First is Beef Stroganoff. Stroganoff has long been used to make those tough pieces of beef taste succulent. This recipe if for two people.
- 1/2 pound stew beef, or chuck roast cut into bite-size pieces, or long thin slices
- 1 medium onion, chopped small
- 3 garlic cloves, minced
- 1 pound mushrooms, cut into quarters
- 1/4 cup red wine, optional
- 1/4 cup water
- 2 tablespoons corn starch
- 1/2 cup sour cream
- 1 tablespoon dijon mustard
- salt and pepper to taste
Place beef, onion, garlic, mushrooms, wine, and water into slow cooker. Sprinkle with salt and pepper. Cover and cook on low for 8 hours, or on high for 6. Stir about half way through cooking to make sure flavors are blended. When meat is tender and falling apart, blend corn starch with two tablespoons of water. (A trick I have to make the easy: put corn starch and water in a jar and screw cap on tightly. Shake vigorously until corn starch is well blended, about 30 seconds.) Add about a half cup of the cooking liquid to corn starch. Turn slow cooker off and drizzle corn starch mixture over the beef and stir till blended. Allow to cook for five minutes or so, stirring constantly. When mixture is blended and thickened, add sour cream and stir. Then add mustard and stir. Allow to sit for a few minutes so flavors will blend. Serve over cooked noodles or rice.
Okay, the next recipe is for Scalloped Potatoes and Ham, and I’m going to apologize up front. This recipe calls for a can of condensed soup. I don’t ordinarily use the stuff since I’ve outgrown it. But I’ve never found an acceptable substitute for it.
- 1 1/2 pounds potatoes
- 1 cups grated cheese
- 2 cups cooked ham
- 1 medium onion
- 1 can cream of mushroom soup or cream of celery soup
- pepper and paprika
Peel the potatoes and slice thin. Cut the ham into cubes, or into strips. I’ve done both and both are good. Peel the onion and slice into rings as thin as possible. Use whatever is your favorite cheese or a cheese blend. Mostly, I use cheddar, but I’ve also used Swiss and gruyere. Just don’t use American or Velveeta since they break apart. Grease the inside of the slow cooker, I use butter mostly. Sometimes, I use butter flavored spray. Layer half the potatoes, ham, onion, and cheese, then repeat the layers with remaining ingredients. Do not dilute the soup, but whisk it with a fork to make it more pourable. Pour the soup over the top spreading to cover. Sprinkle with pepper and paprika. Cover and cook on low for 6-8 hour, until the potatoes are soft. Do not cook this on high as it will scorch. Turn cooker off and uncover. Allow to cool for 20 minutes and serve. It can stand alone as a main course, or can be served as a side.

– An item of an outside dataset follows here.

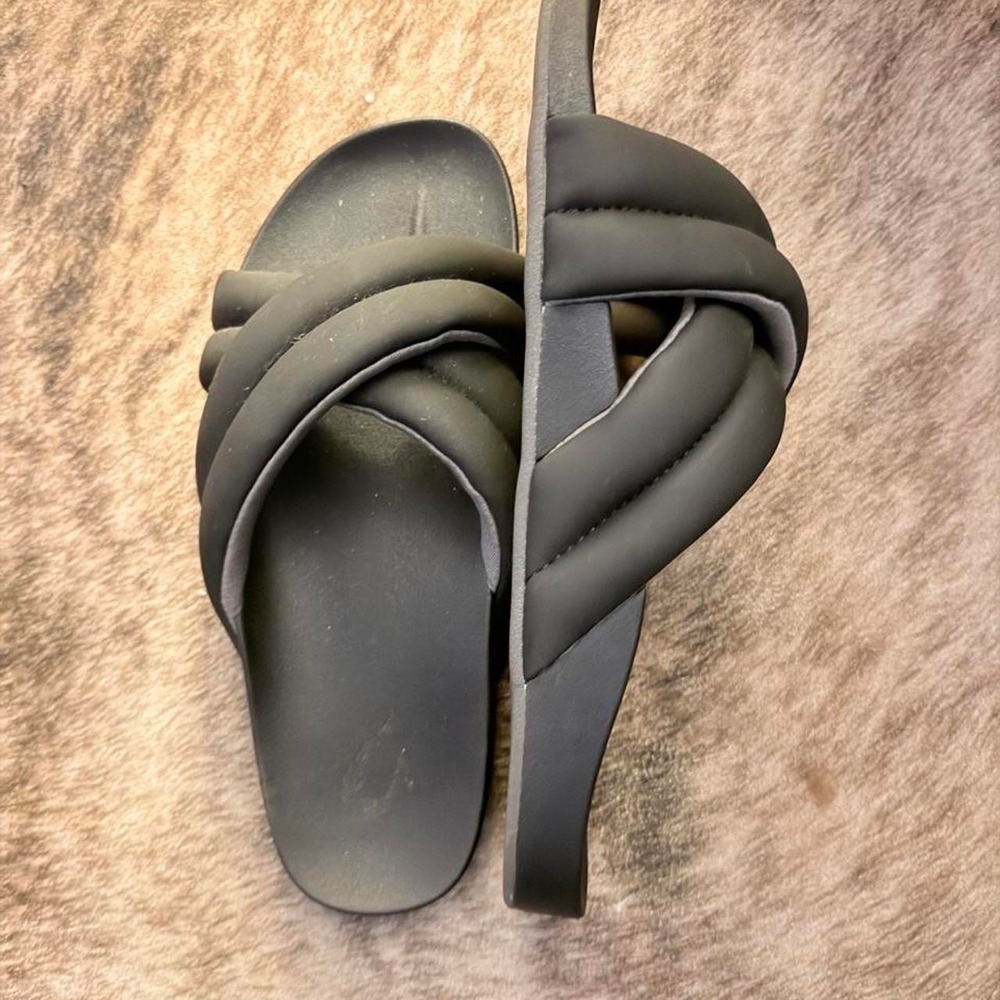 Olu Kai Size 5 Black Slides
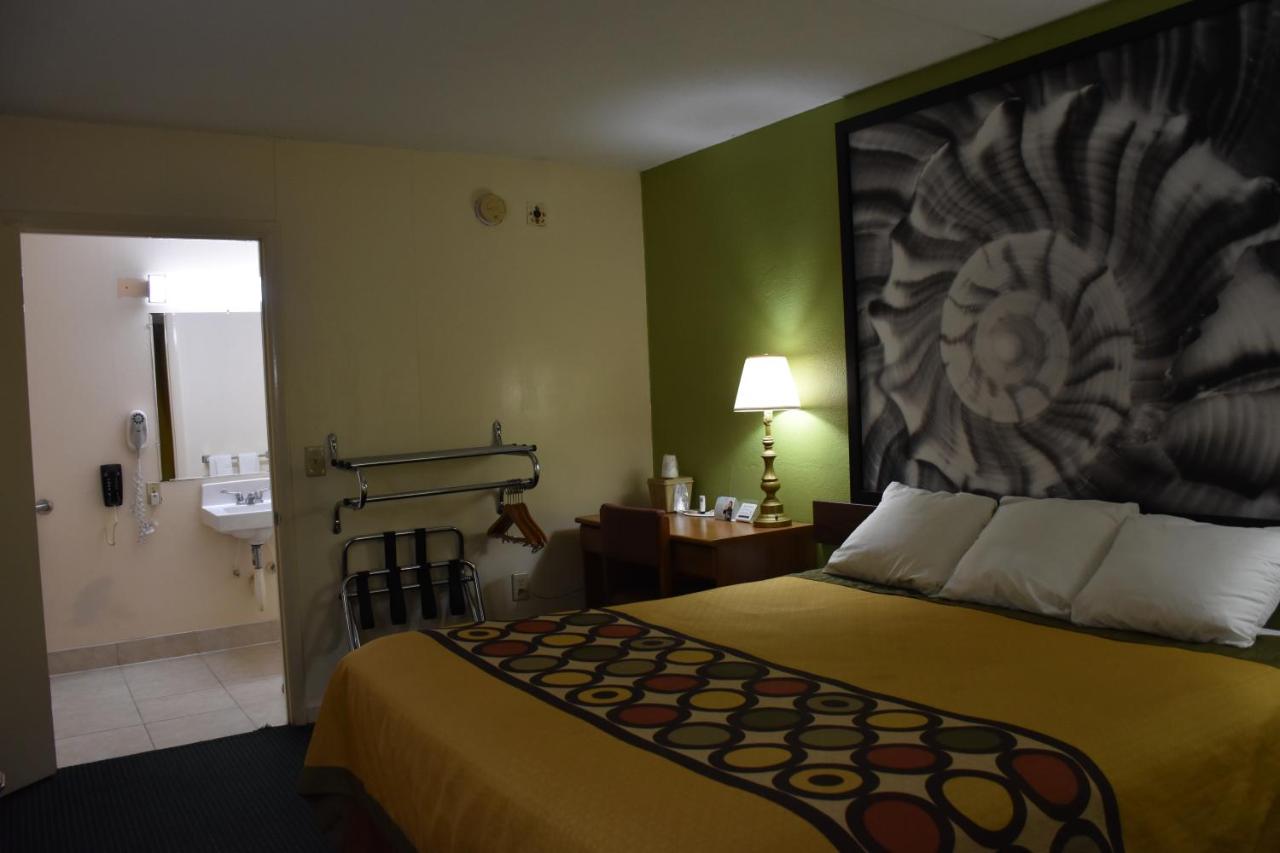King Room - Mobility Access/Non-Smoking at Super 8 by Wyndham Tifton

As I was writing this, my mind was wandering on some level back to pot lucks and church gatherings from my childhood. I remembered one where the minister’s wife invited the whole church back to their house for Sunday lunch, pot luck style. I don’t remember what I brought (probably a cake), but I remember there was a huge bowl of potato salad the minister’s wife had made. It was quite impressive and looked like it could feed 50 people, about the twice the number that were there. She looked quite proud of the spread she had put out. While I was looking over the table, one of the older ladies from the Busybody Squad remarked on how delicious the potato salad looked. She took a small taste and said, “Oh, my, it seems very dry.” I looked at the mayonnaise slathered thickly on the vegetables and wondered what the heck she was talking about. Without batting an eye or asked permission, she grabbed the jar of mayonnaise standing nearby for sandwiches, and put a large dollop in the center of the salad. Using a minimum of movement, she spread the dressing through the part of the salad it sat upon. Then she took her spoon and tasted the area she had just “fixed.” “Much better!” she cried and wandered away. The look on the face of our hostess was priceless. I bit back laughter, caught her eye, and grinned in sympathy. She made a small hitting motion, winked and walked away.